Cada 3 de noviembre, la Iglesia celebra la memoria de San Martín de Porres, el humilde fraile dominico limeño que con su vida enseñó que la santidad se construye en lo cotidiano, con amor, servicio y sencillez.
Martín nació en Lima en 1579 y fue bautizado en la iglesia de San Sebastián, el mismo templo donde, años más tarde, recibiría el bautismo Santa Rosa de Lima. Desde su nacimiento, los caminos del Señor se manifestaron misteriosamente en su vida. Fue confirmado en la fe por Santo Toribio de Mogrovejo, primer arzobispo de Lima, quien hizo descender el Espíritu Santo sobre aquel joven de corazón moreno, dócil y humilde, semejante al de la Virgen María.
A los doce años, Martín entró de aprendiz de peluquero y asistente de dentista. Pronto, la fama de su virtud y su bondad comenzó a extenderse por toda la ciudad de Lima. Su encuentro con el fraile Juan de Lorenzana, un dominico célebre por su ciencia y virtud, cambió el rumbo de su vida: lo invitó a ingresar al Convento de Nuestra Señora del Rosario, de la Orden de Predicadores.
Sin embargo, las leyes de la época le impedían ser religioso por su color y condición social. Por ello, Martín ingresó como donado, un servidor del convento sin votos religiosos. Pero esto no fue obstáculo para su entrega total a Dios. Su vida estuvo marcada por la humildad, la obediencia, el servicio y un amor sin medida.
Martín tenía un deseo: “pasar desapercibido y ser el último”. Sin embargo, Dios tenía otros planes. Fue encargado de la limpieza del convento, y así la escoba se convirtió, junto con la cruz, en símbolo de su vida y santidad.
Sirvió a todos con alegría, incluso a quienes lo despreciaban. Un día, mientras cortaba el cabello a un estudiante, recibió insultos por su raza —“¡Perro mulato! ¡Hipócrita!”—, y su respuesta fue una sonrisa llena de mansedumbre.
Después de años de entrega silenciosa, su padre volvió a verlo y, tras hablar con el provincial dominico, se decidió que Martín podía ser admitido como hermano cooperador. El 2 de junio de 1603, profesó sus votos religiosos, consagrándose plenamente a Dios.
Un testigo de su tiempo, el P. Fernando Aragonés, escribió:
“Se ejercitaba en la caridad día y noche, curando enfermos, dando limosna a españoles, indios y negros; a todos quería, amaba y curaba con singular amor”.
En la portería del convento, una multitud de pobres, enfermos y necesitados acudía a él buscando ayuda. Repetía con frecuencia:
“No hay gusto mayor que dar a los pobres”.
Su hermana Juana, que gozaba de buena posición, colaboraba con él: en su finca acogía a enfermos y desamparados, y en su patio incluso los animales encontraban refugio.

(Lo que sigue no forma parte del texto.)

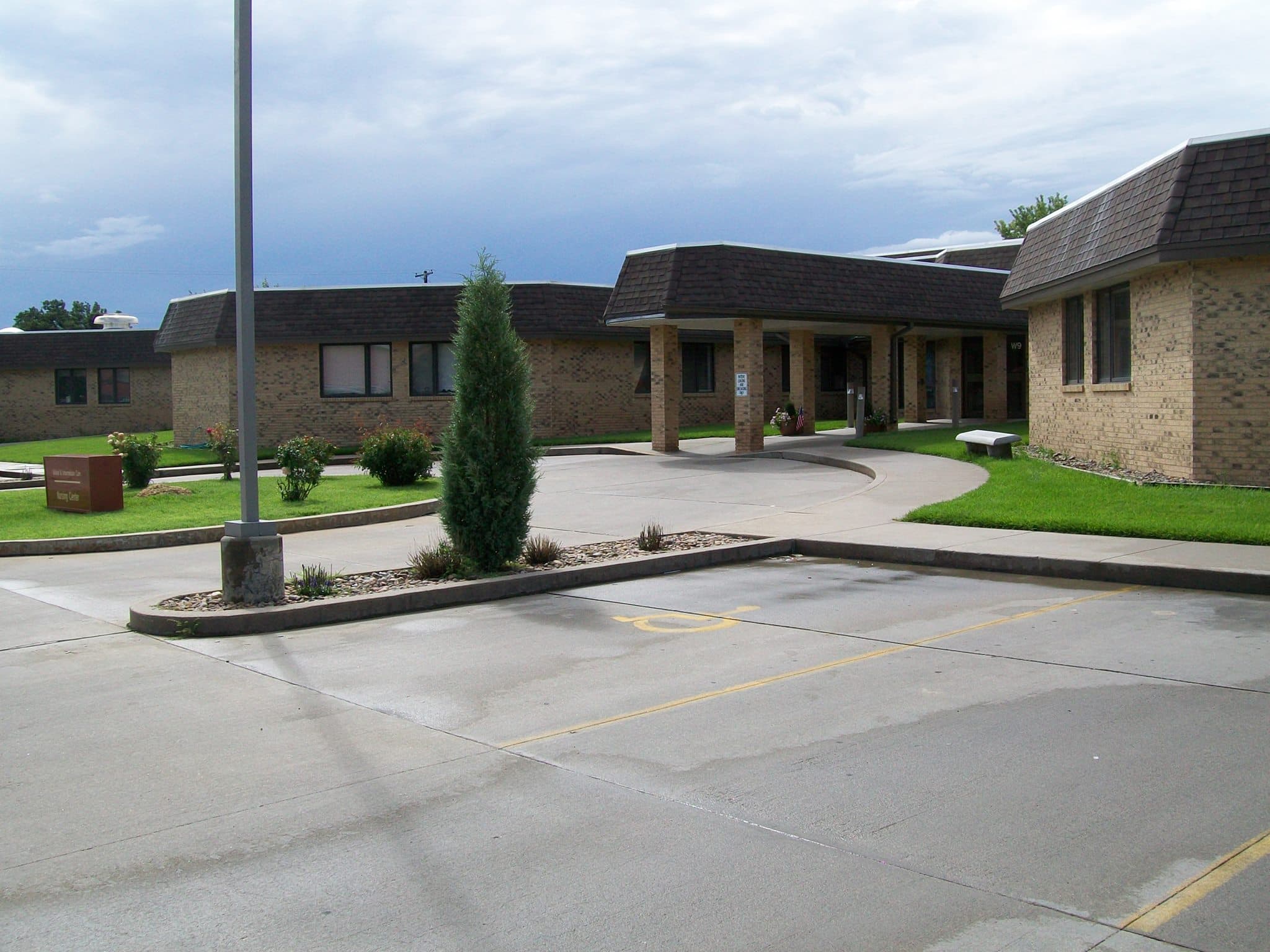 Garden Valley Retirement Village thumbnail 2
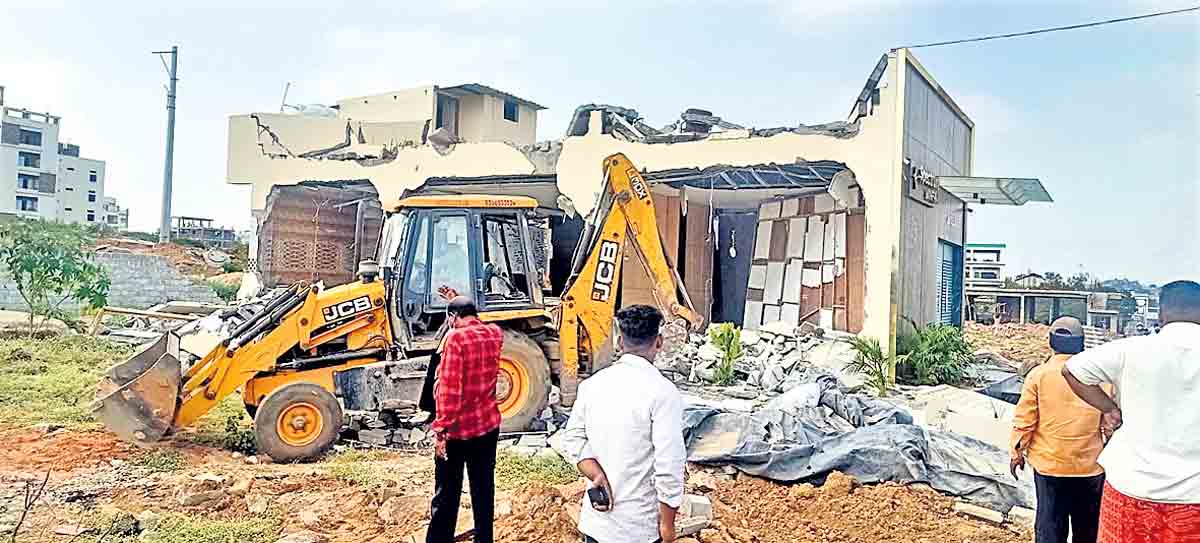 అక్రమ నిర్మాణాలపై కొరడా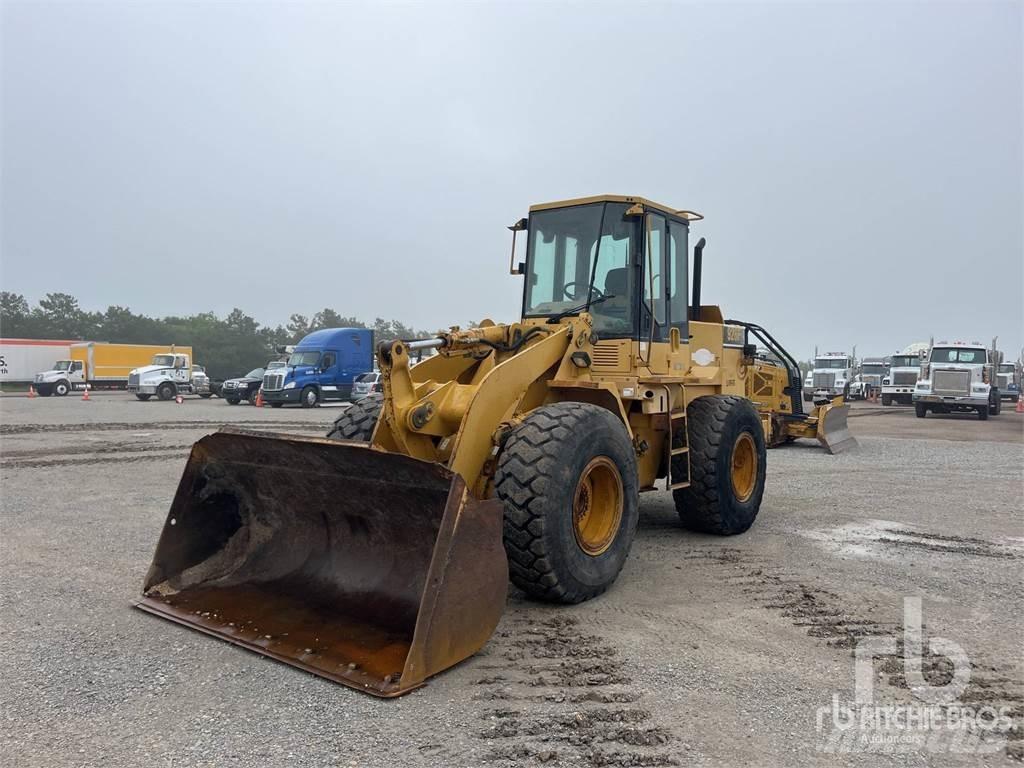 CAT 928F 輪胎式裝載機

La virtud de Fray Martín pronto dejó de ser un secreto. Su fama de santidad se extendió por toda Lima. Como enfermero, atendía tanto a los religiosos dominicos como a los más pobres de la ciudad. Su humildad fue probada por la incomprensión y las envidias, incluso dentro de su comunidad. Aun así, soportó todo con serenidad, asemejándose cada vez más a Cristo, su Redentor.
En una ocasión, el superior del convento le prohibió realizar milagros o actos extraordinarios sin permiso. Un día, al ver caer a un albañil desde un andamio, corrió primero a pedir autorización antes de socorrerlo. Su obediencia dejó a todos admirados.

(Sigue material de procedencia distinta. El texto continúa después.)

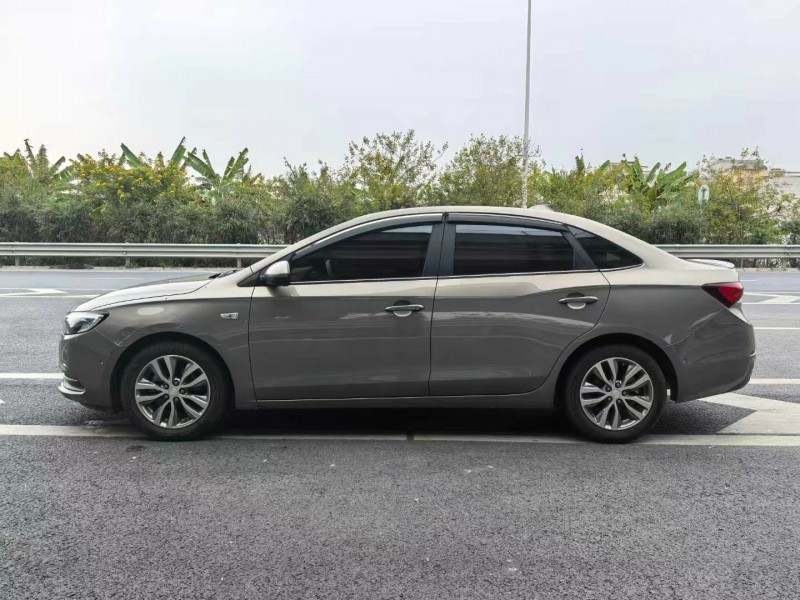 广州18年别克英朗6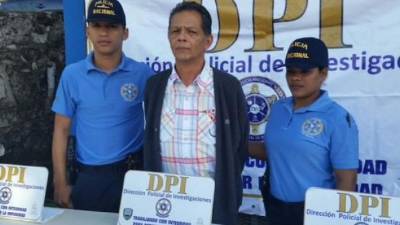 El detenido es acusado de fraude en perjuicio de sus tres hermanas.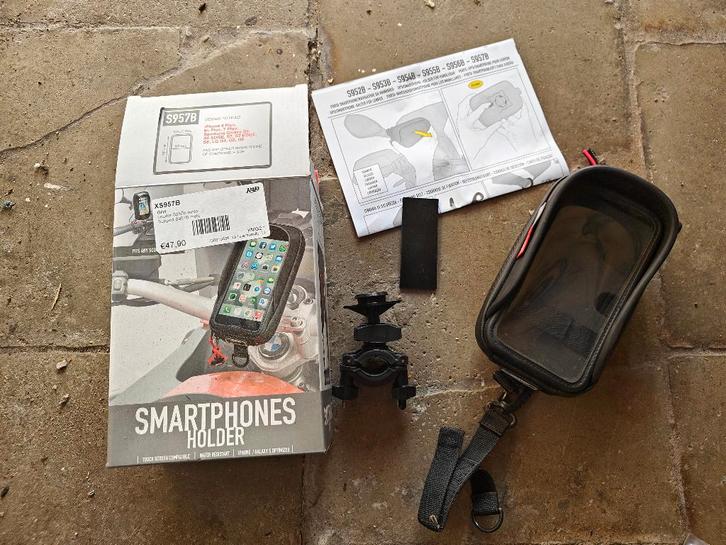 GIVI S957B waterdichte smartphonehouder motor + stuurklem, Télécoms, Supports de téléphone, Comme neuf, Moteur, Enlèvement ou Envoi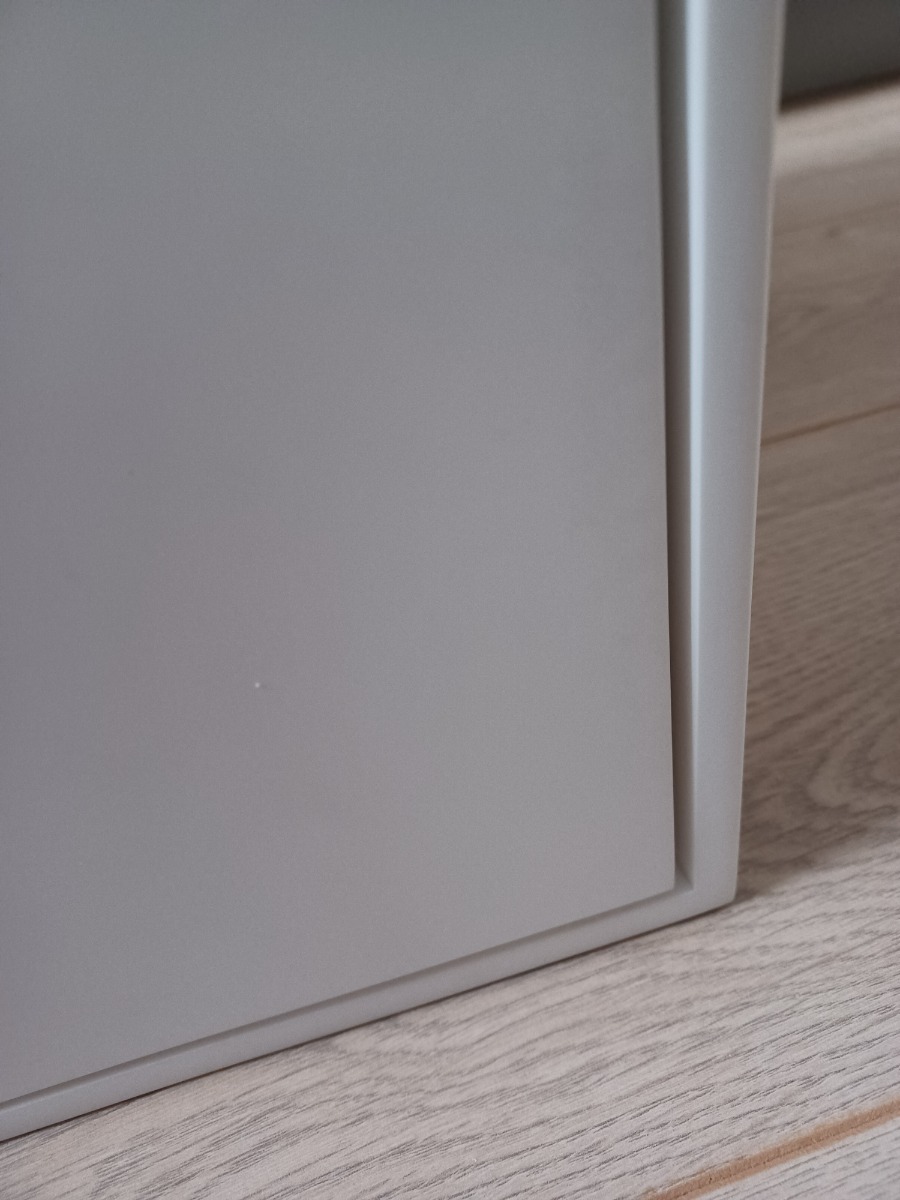 SCHADEMODEL: Zaro Lagom volledig naadloos solid surface onderkast 100cm mat wit met 1 lade Push tot open. Compleet met solid surface wastafel met 1 kraangat(en)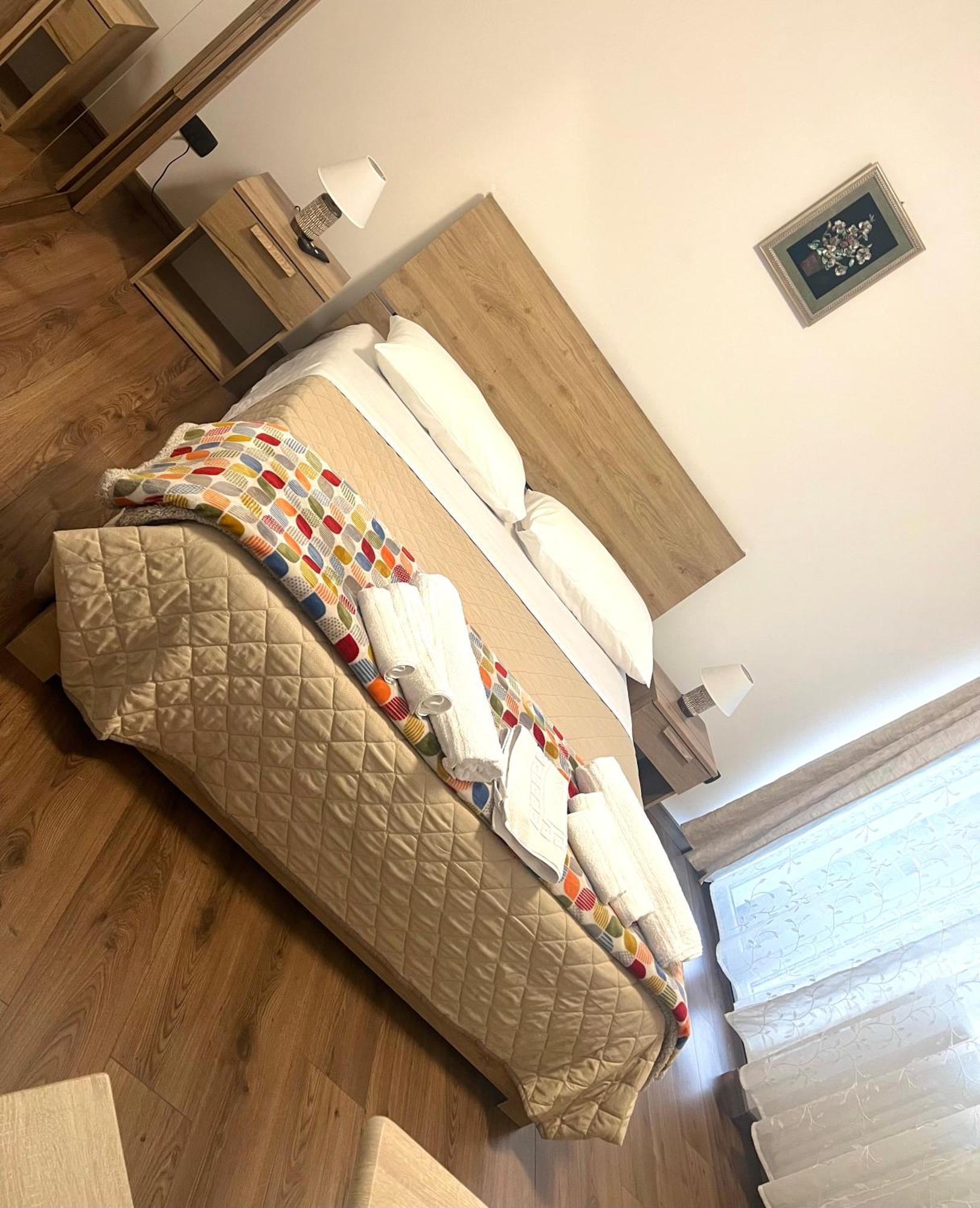 Juliet N - Rental Rooms Verona Ngoại thất bức ảnh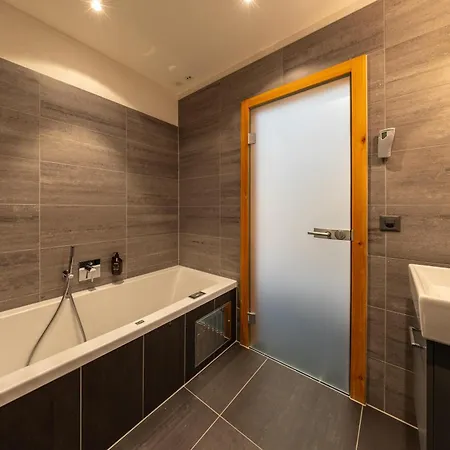 Le Bouquetin L Ski-out L Sauna Lejlighed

Cuando sintió cercano su tránsito al cielo, pidió a los frailes que lo acompañaban que entonaran el Credo. Mientras lo cantaban, entregó su alma a Dios el 3 de noviembre de 1639.
Su muerte conmovió profundamente a toda la ciudad. Había sido el hermano y enfermero de todos, especialmente de los pobres. Multitudes acudieron a despedirlo, deseosas de conservar alguna reliquia del “santo moreno”.

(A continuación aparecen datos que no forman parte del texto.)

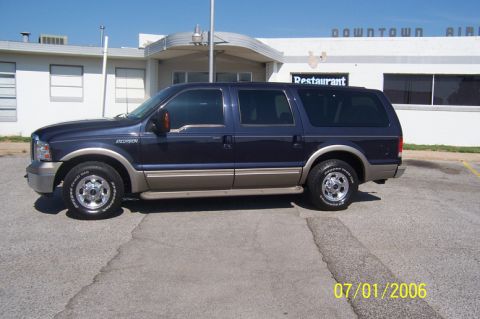 2000 Ford Excursion “Xochi”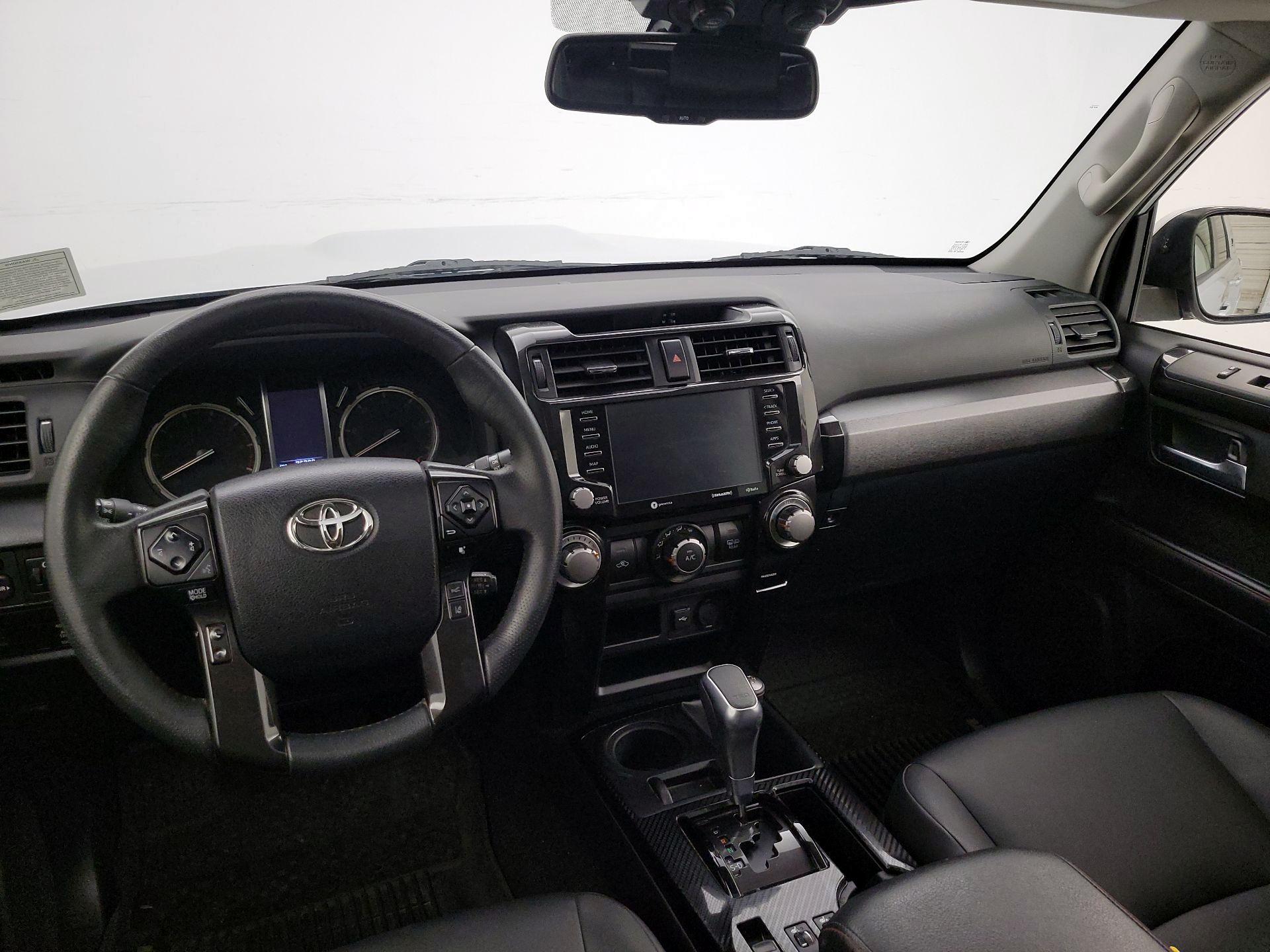 Thumbnail: 2020 Toyota 4Runner - 9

Su culto se extendió rápidamente. El papa Gregorio XVI lo declaró Beato en 1837, y Juan XXIII lo canonizó en 1962. En su homilía de canonización, el Papa destacó las virtudes que lo distinguieron:
“Su profunda humildad, su celo apostólico y sus desvelos constantes por atender a enfermos y necesitados, lo hicieron merecedor del hermoso título de Martín de la caridad”.
Hoy, recordamos al humilde fraile dominico que con una escoba y un corazón lleno de amor transformó el mundo. San Martín de Porres, ejemplo de humildad y caridad universal, sigue enseñándonos que la santidad se alcanza sirviendo con alegría, sin distinción de raza, condición o nación.